►

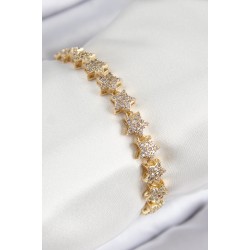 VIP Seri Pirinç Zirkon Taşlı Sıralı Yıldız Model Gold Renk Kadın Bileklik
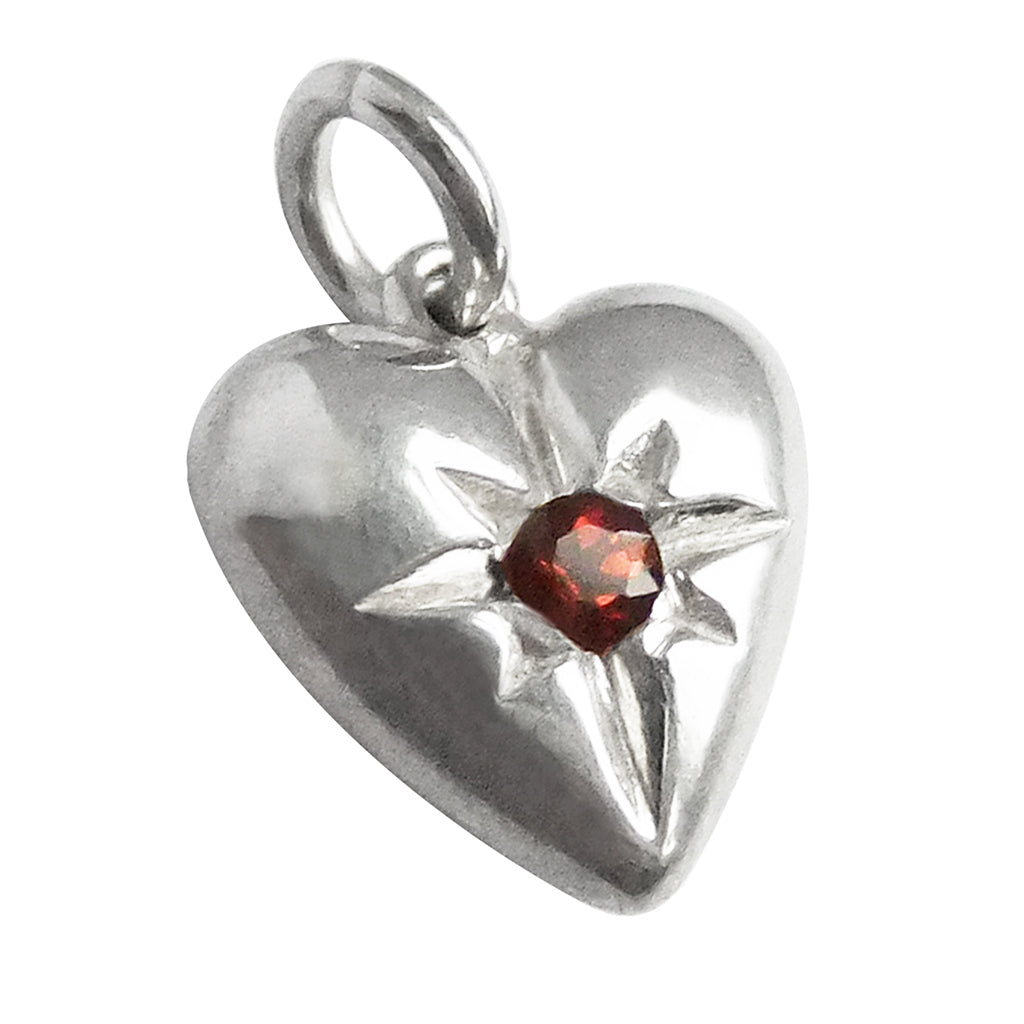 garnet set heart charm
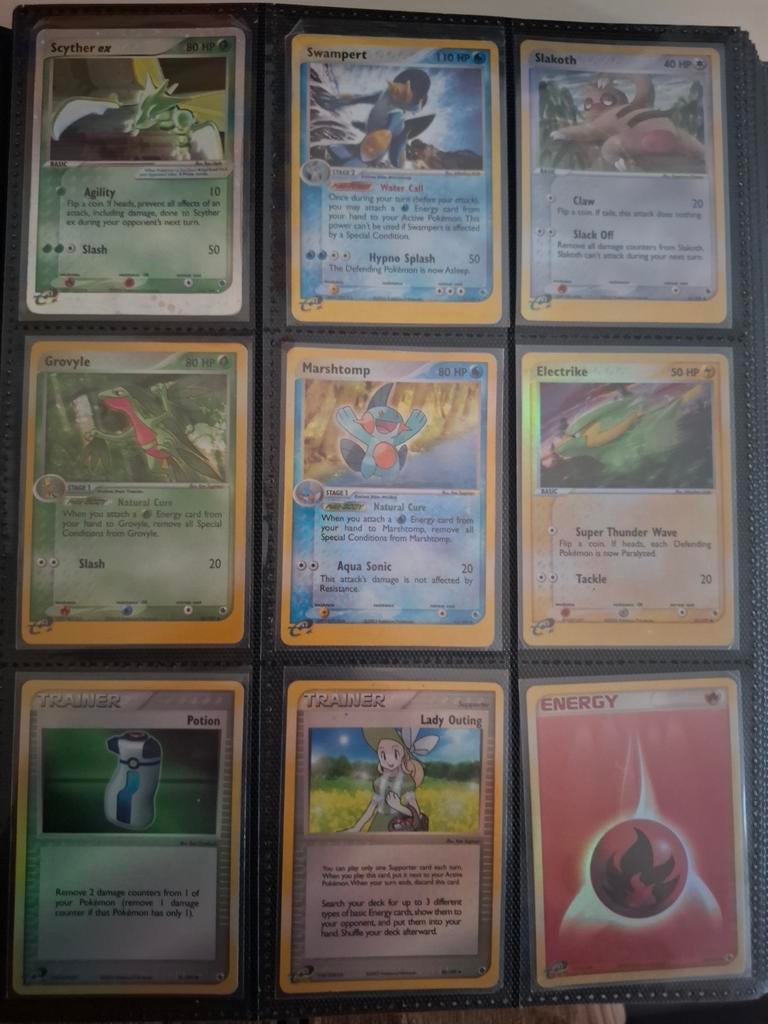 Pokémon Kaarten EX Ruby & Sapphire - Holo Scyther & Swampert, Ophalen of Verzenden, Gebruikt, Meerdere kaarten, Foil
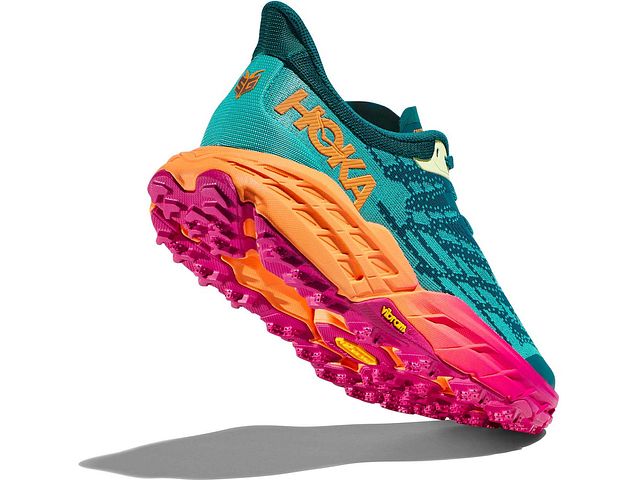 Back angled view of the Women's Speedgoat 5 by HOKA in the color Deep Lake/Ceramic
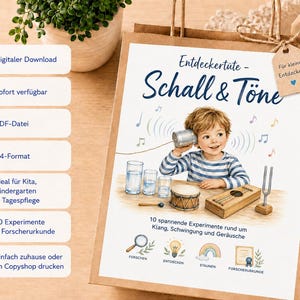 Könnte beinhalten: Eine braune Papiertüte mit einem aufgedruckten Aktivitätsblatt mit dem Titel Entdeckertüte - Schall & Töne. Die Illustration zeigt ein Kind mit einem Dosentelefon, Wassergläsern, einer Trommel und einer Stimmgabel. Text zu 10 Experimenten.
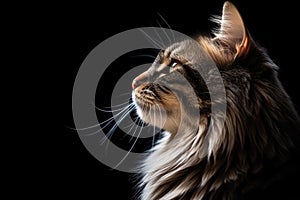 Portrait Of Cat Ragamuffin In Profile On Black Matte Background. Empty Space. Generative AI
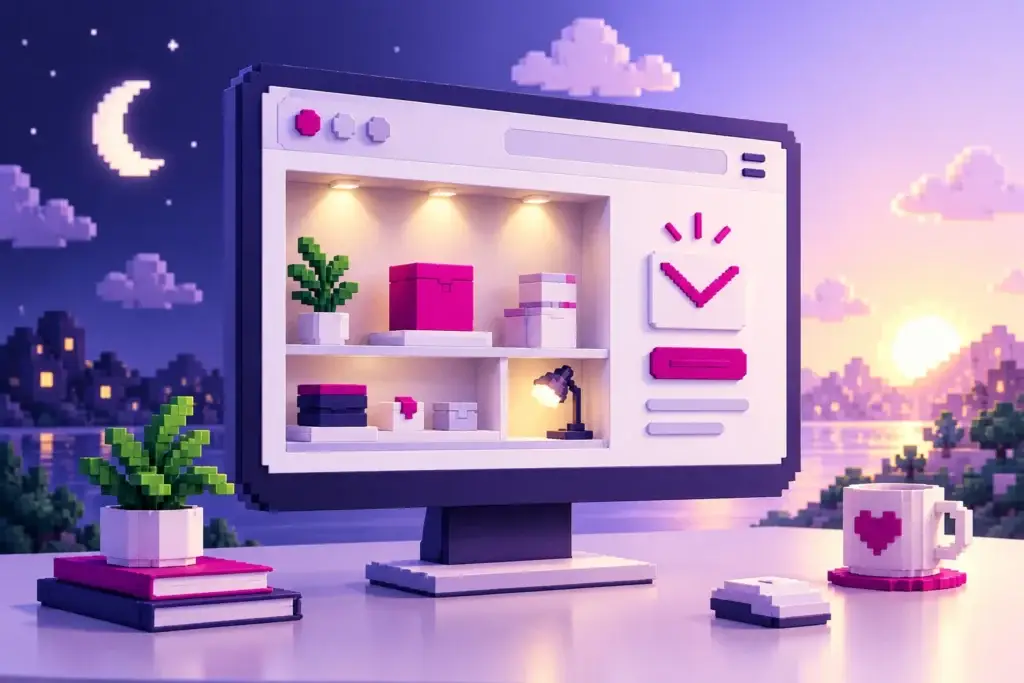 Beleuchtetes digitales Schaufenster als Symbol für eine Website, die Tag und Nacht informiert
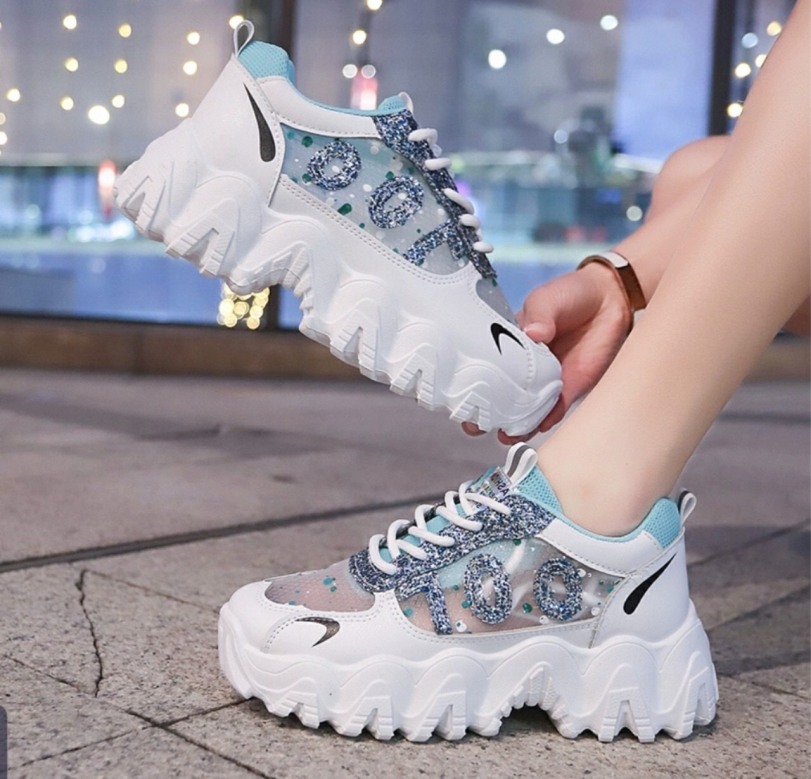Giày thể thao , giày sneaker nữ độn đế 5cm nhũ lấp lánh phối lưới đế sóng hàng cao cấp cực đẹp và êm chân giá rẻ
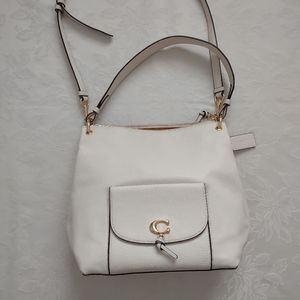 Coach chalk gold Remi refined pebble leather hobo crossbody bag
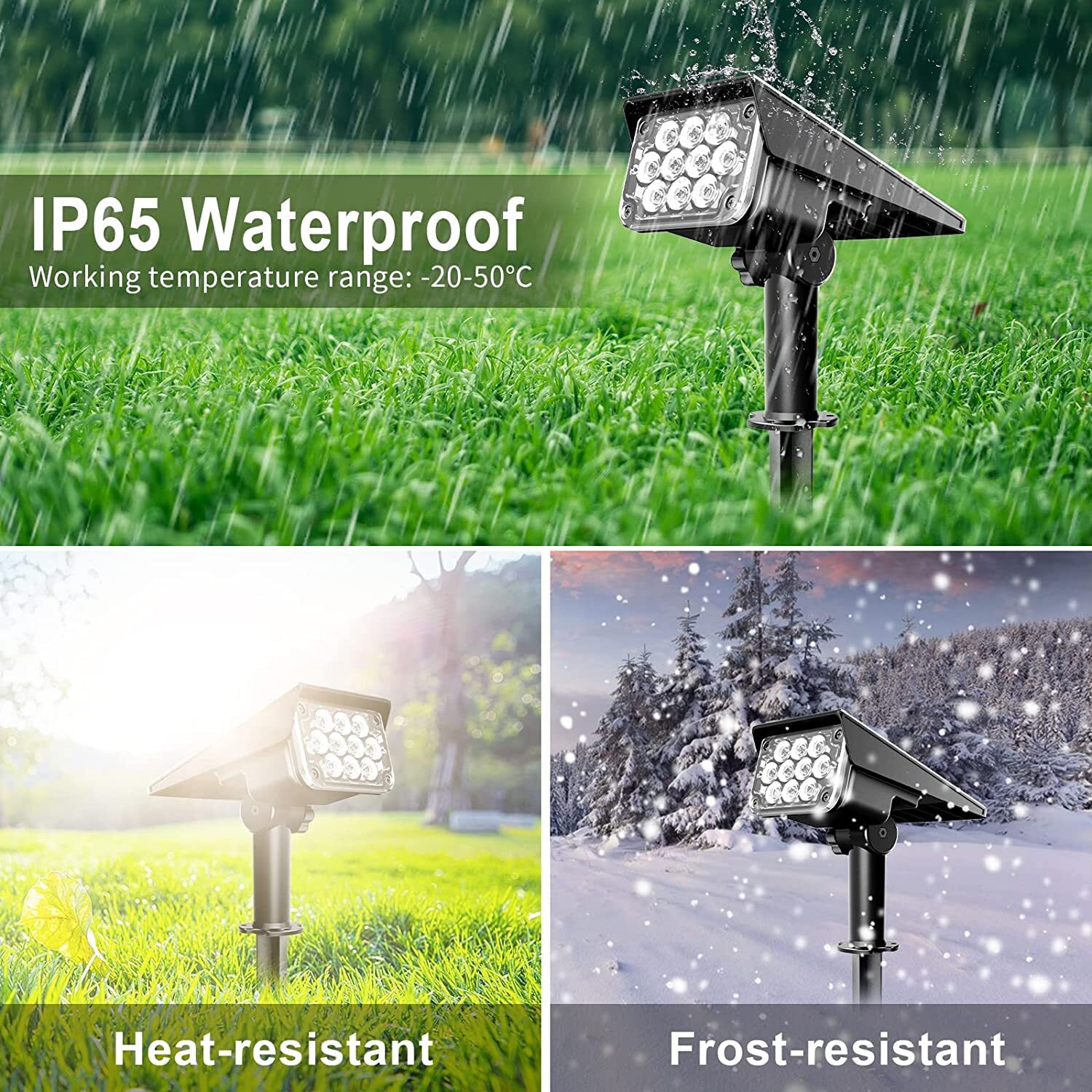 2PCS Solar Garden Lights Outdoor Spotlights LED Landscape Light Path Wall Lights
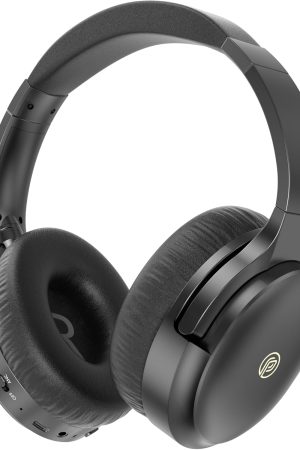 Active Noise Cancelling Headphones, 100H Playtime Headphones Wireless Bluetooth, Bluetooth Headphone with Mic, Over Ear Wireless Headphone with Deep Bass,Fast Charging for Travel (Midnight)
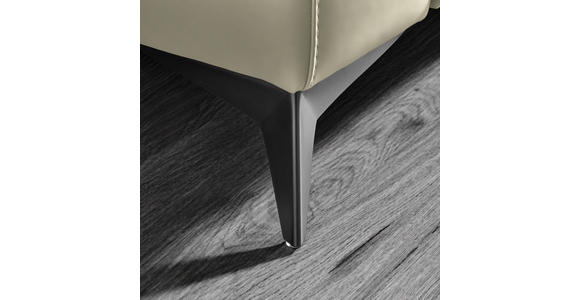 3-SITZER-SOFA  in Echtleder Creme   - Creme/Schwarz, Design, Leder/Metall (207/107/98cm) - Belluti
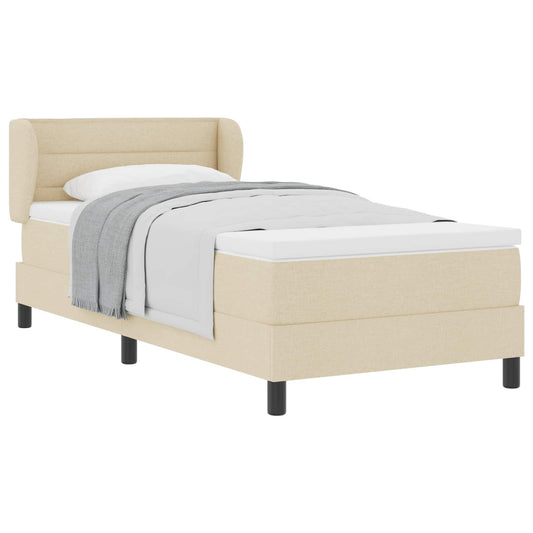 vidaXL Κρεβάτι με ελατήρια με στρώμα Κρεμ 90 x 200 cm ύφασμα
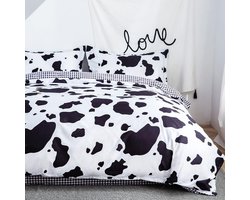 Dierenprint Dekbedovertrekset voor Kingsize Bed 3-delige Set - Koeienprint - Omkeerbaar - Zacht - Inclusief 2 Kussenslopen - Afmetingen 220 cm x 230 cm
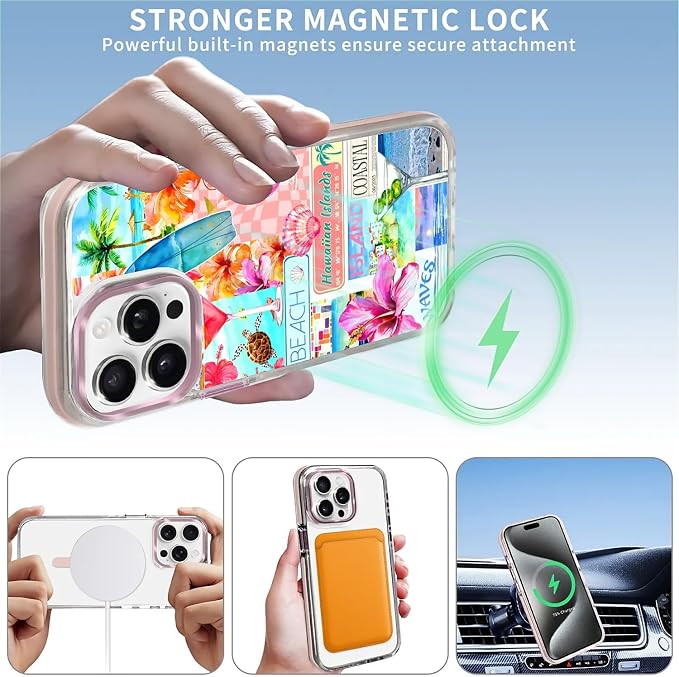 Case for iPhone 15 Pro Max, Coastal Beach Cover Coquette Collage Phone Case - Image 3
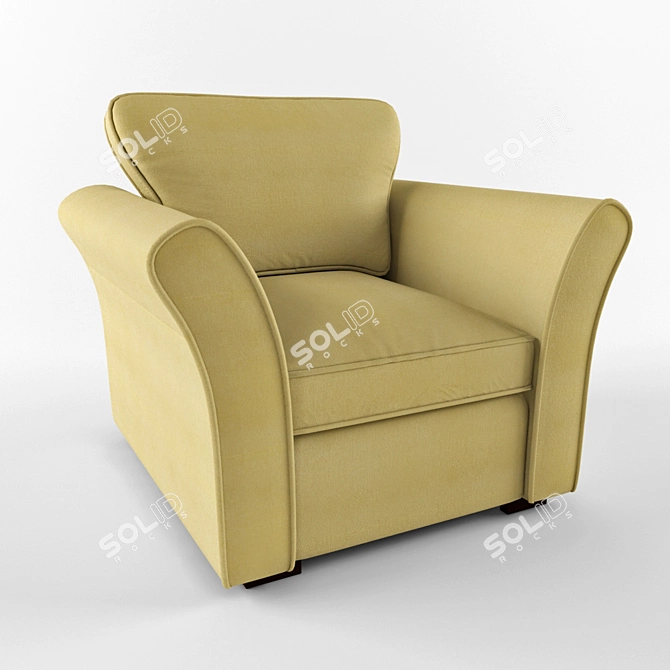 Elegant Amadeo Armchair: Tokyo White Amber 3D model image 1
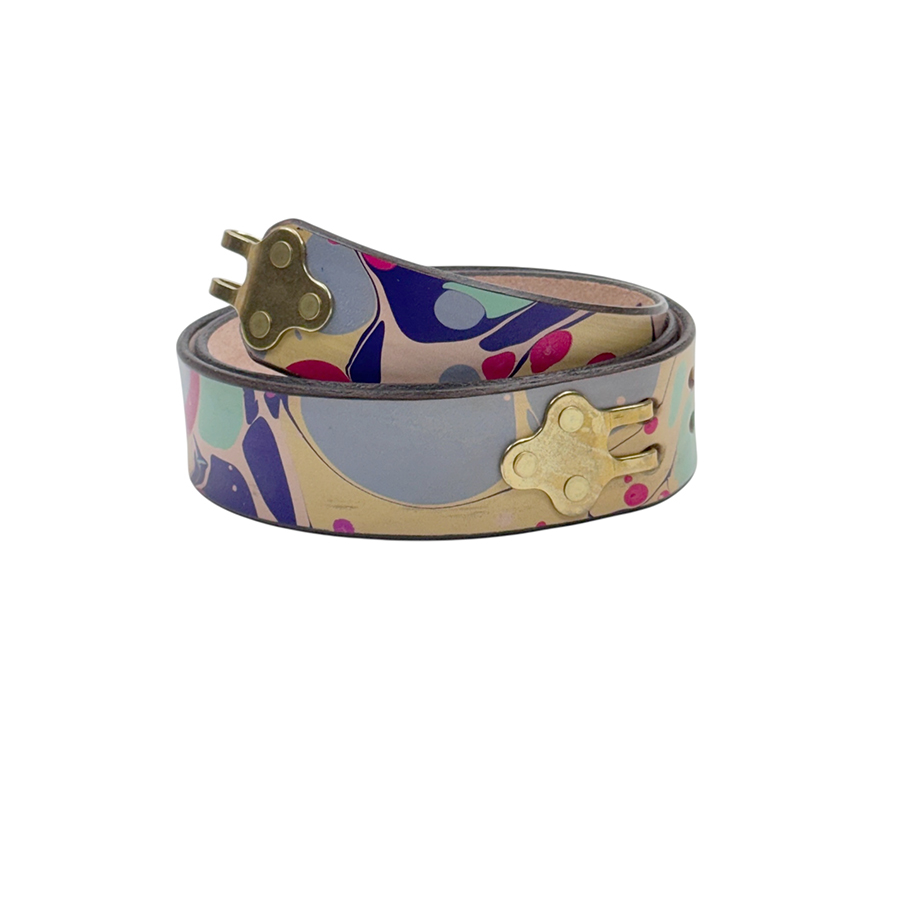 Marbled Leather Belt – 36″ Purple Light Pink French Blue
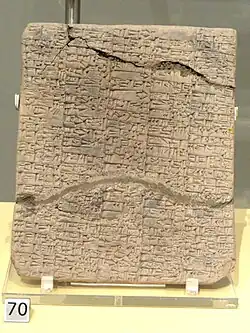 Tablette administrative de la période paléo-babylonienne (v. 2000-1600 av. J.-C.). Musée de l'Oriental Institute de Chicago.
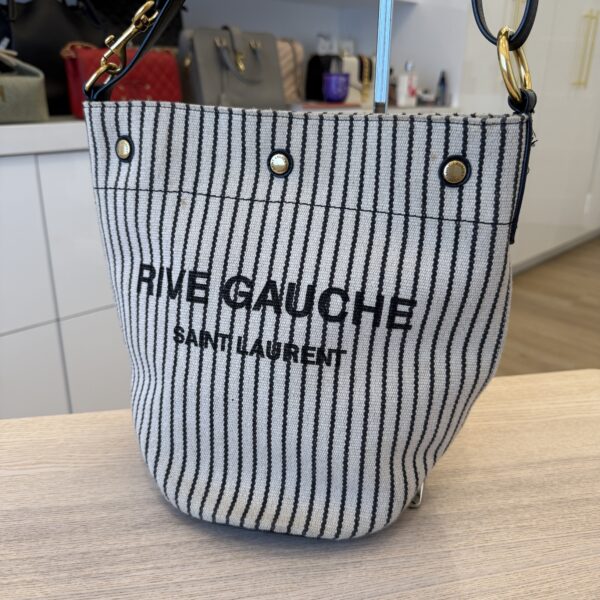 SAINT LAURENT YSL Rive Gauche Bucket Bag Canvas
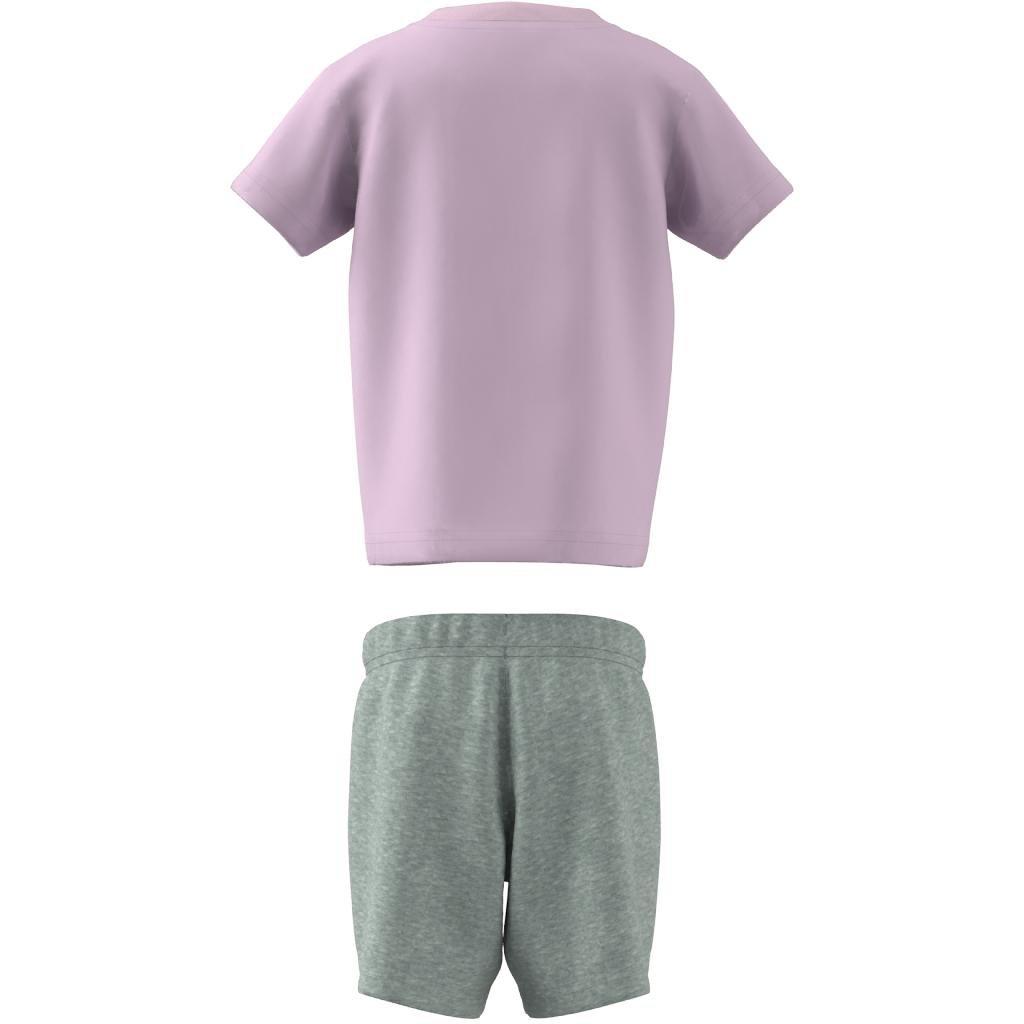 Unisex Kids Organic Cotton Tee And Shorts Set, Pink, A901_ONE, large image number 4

◄

◆ Problem to work on: Using the entries above, extract exactly the lines from the one that contains "Beleuchtetes digitales Schaufenster" through the one that contains "2PCS Solar Garden". Do not carry over any pictures.

◆ Task result:
 Beleuchtetes digitales Schaufenster als Symbol für eine Website, die Tag und Nacht informiert
Giày thể thao , giày sneaker nữ độn đế 5cm nhũ lấp lánh phối lưới đế sóng hàng cao cấp cực đẹp và êm chân giá rẻ
 Coach chalk gold Remi refined pebble leather hobo crossbody bag
 2PCS Solar Garden Lights Outdoor Spotlights LED Landscape Light Path Wall Lights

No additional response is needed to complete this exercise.